:: What the task asks ::
Although the data below contains pictures, output only the lines between those holding "Tell Me What Really Happened" and "Icon image If", inclusive, exactly and without those pictures.

:: Extracted entries ::
▶
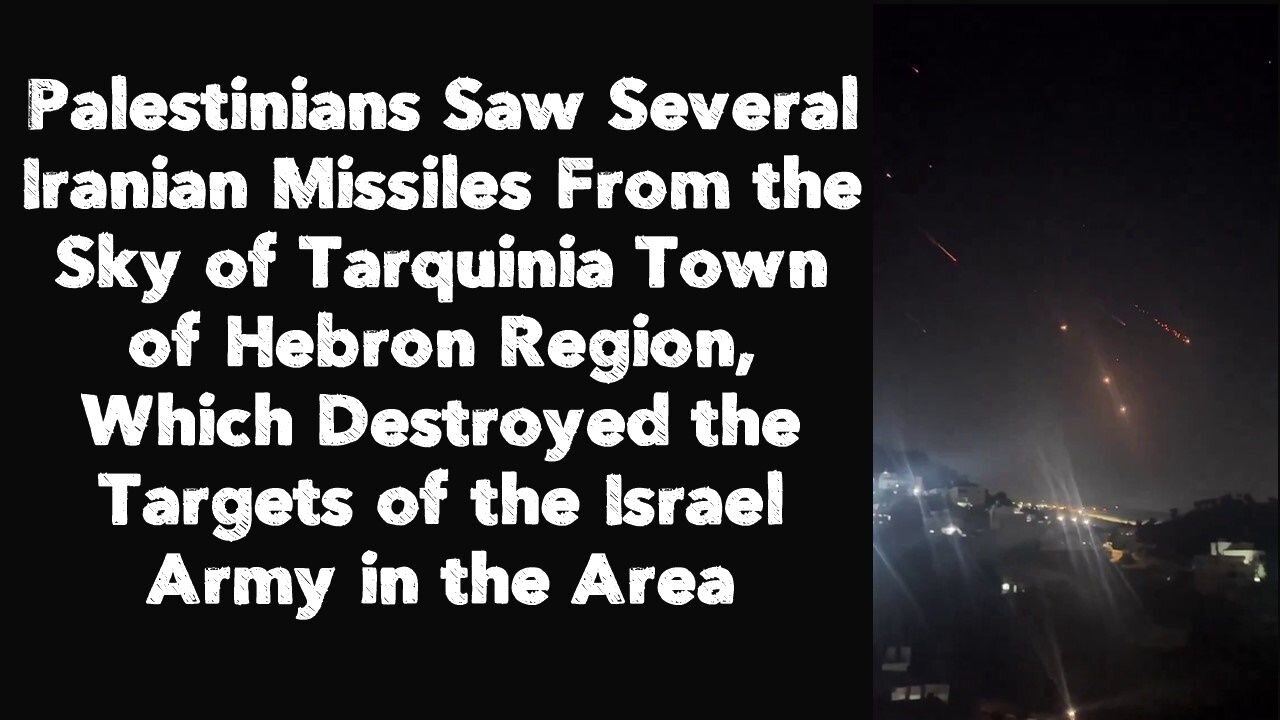 Palestinians Saw Several Iranian Missiles From the Sky of Tarquinia Town of Hebron Region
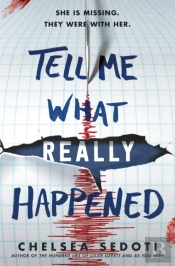 Tell Me What Really Happened
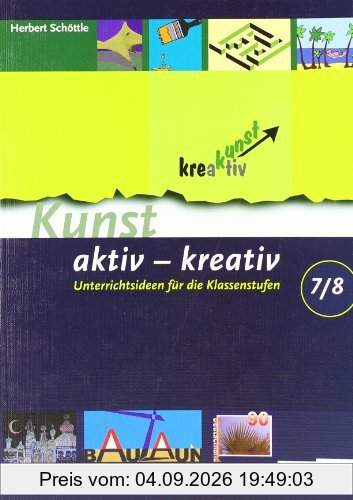 Kunst aktiv - kreativ: Band 2: Unterrichtsideen für die Klassenstufen 7/8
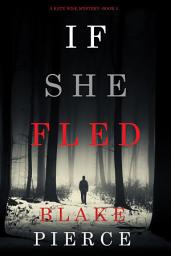 Icon image If She Fled (A Kate Wise Mystery—Book 5)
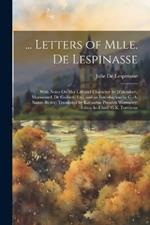 ... Letters of Mlle. De Lespinasse: With Notes On Her Life and Character by D'alembert, Marmontel, De Guibert, Etc., and an Introduction by C.-A. Sainte-Beuve; Translated by Katharine Prescott Wormeley; Editor-In-Chief, G.K. Fortescue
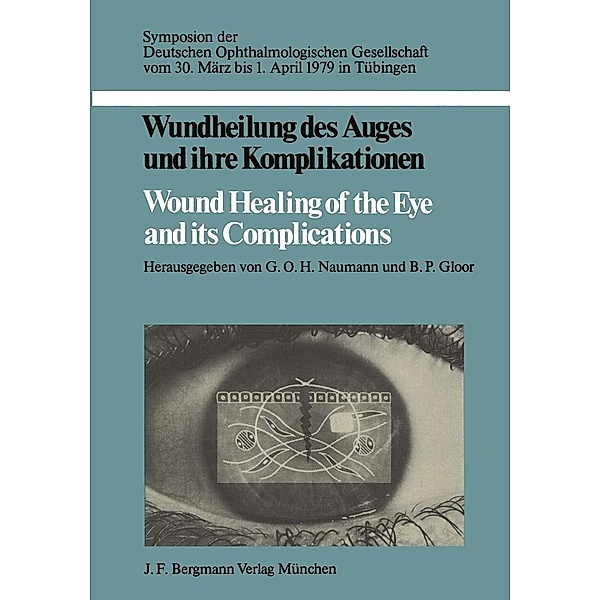 Wundheilung des Auges und ihre Komplikationen / Wound Healing of the Eye and its Complications / Symposien der Deutschen Ophthalmologischen Gesellschaft
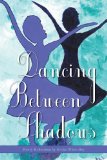 Dancing Between Shadows:  Poetry Reflections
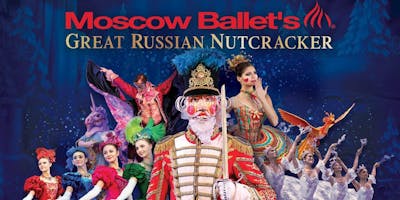 Moscow Ballet’s "Great Russian Nutcracker"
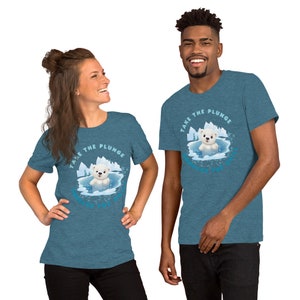 Take the Plunge! Cold plunge Polar bear club Unisex t-shirt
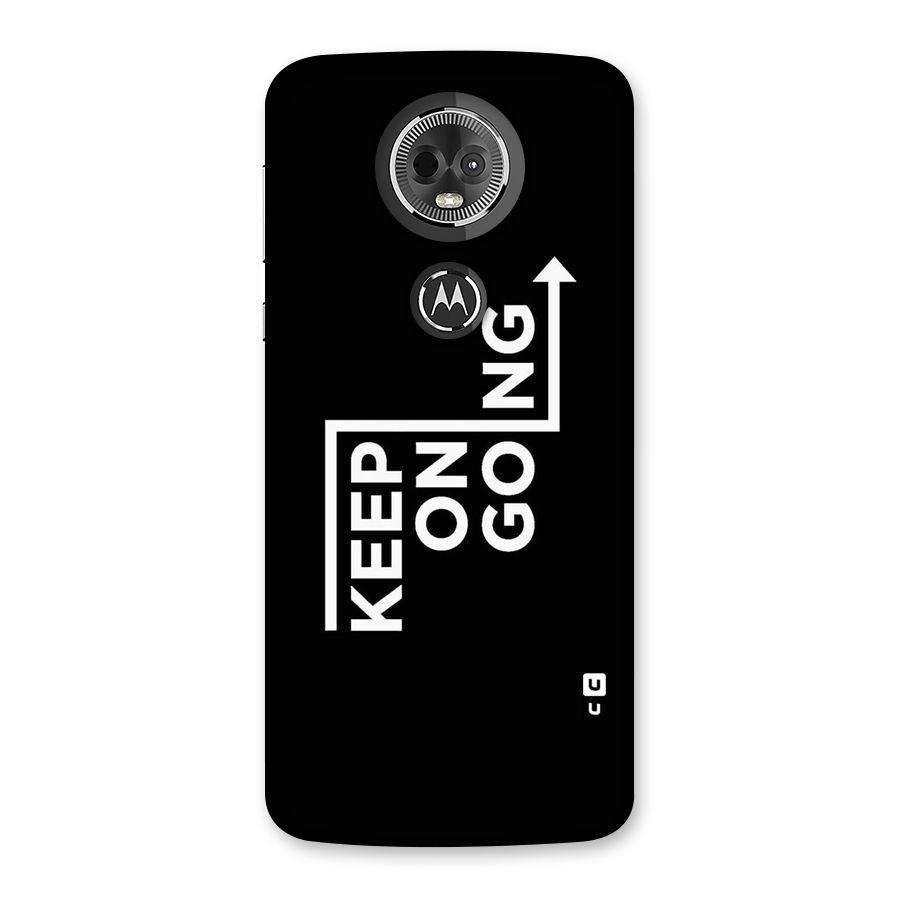 Keep On Going Back Case for Moto E5 Plus
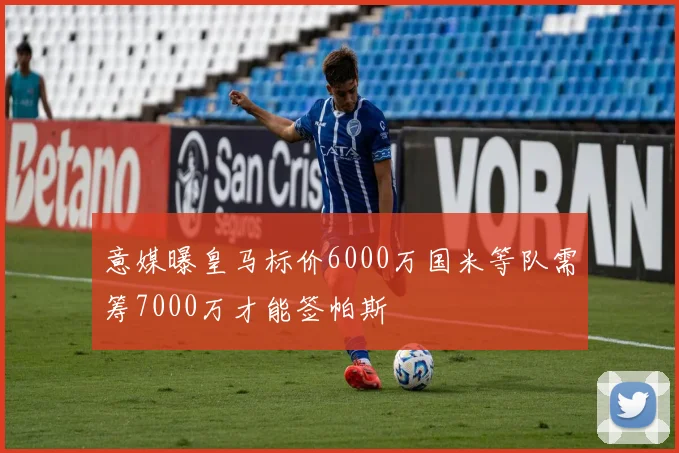 意媒曝皇马标价6000万国米等队需筹7000万才能签帕斯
◀
:: Task solution ::
 Tell Me What Really Happened
 Kunst aktiv - kreativ: Band 2: Unterrichtsideen für die Klassenstufen 7/8
 Icon image If She Fled (A Kate Wise Mystery—Book 5)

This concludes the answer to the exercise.